→ Required work:
Every line of the records that contains "Hoodie" should be tallied, and only the resulting number returned.
***** Task material
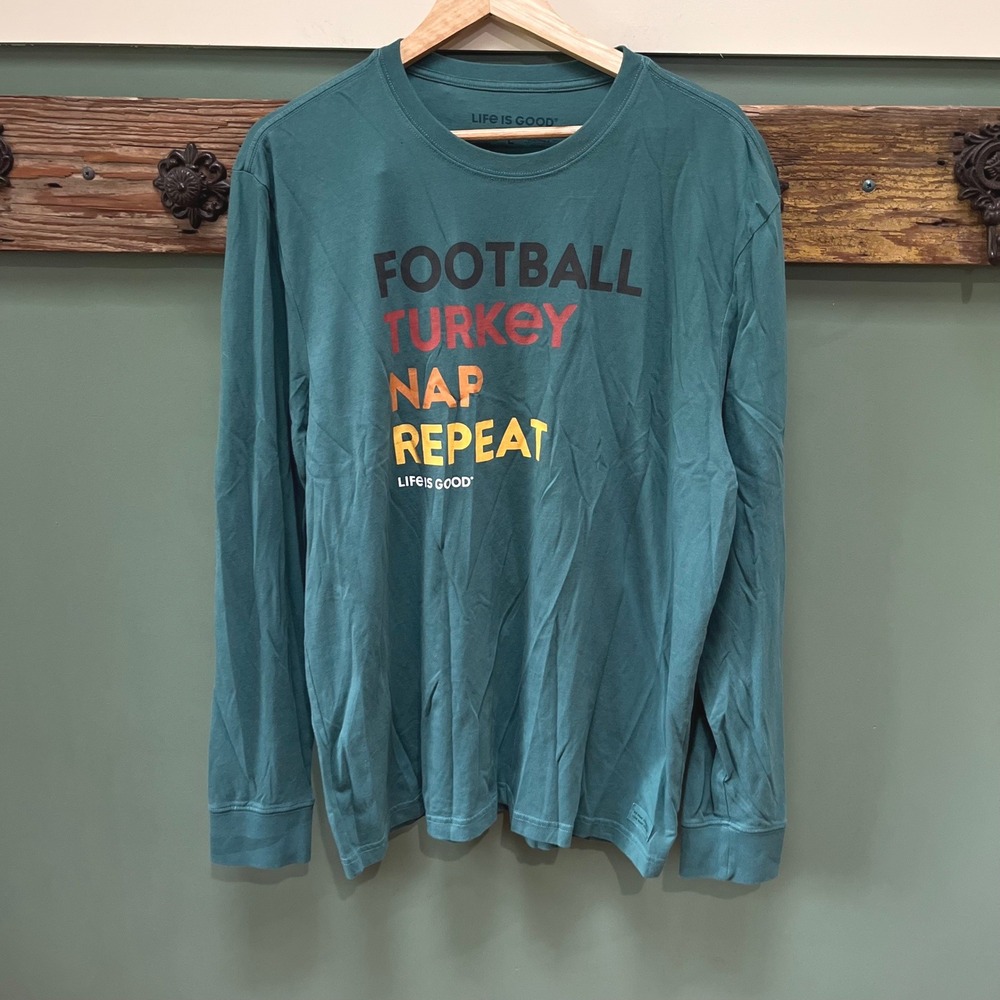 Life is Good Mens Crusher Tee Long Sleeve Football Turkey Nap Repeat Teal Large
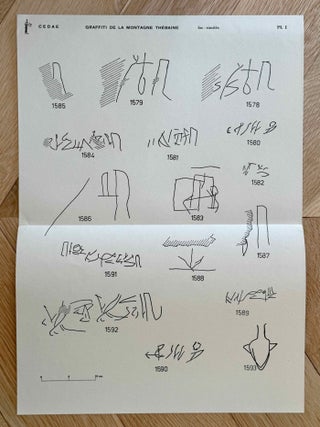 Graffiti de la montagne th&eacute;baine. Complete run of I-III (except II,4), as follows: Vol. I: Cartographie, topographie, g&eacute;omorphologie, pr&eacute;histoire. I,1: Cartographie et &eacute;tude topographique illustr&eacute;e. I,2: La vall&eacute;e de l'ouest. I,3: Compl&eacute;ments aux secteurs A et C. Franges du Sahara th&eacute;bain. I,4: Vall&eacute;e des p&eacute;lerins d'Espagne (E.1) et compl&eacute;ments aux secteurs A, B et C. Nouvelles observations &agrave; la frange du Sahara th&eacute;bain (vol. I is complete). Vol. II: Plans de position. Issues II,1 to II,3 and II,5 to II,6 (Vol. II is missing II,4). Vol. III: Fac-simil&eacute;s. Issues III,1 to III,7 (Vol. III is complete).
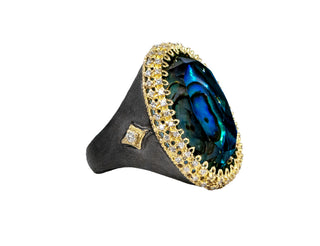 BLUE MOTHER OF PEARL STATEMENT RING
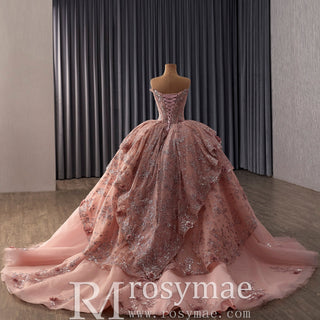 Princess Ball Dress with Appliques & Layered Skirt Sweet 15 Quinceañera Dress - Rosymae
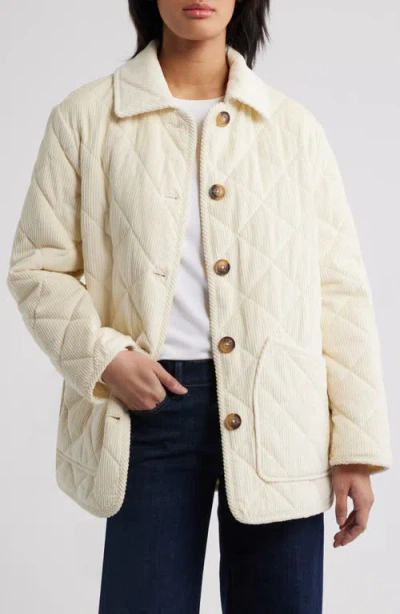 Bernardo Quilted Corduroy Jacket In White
**********
***** Task material
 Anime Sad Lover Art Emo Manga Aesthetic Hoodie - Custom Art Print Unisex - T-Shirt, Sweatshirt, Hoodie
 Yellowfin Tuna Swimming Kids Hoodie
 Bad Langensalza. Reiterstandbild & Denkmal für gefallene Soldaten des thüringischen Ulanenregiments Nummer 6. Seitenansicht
**********
→ Result:
2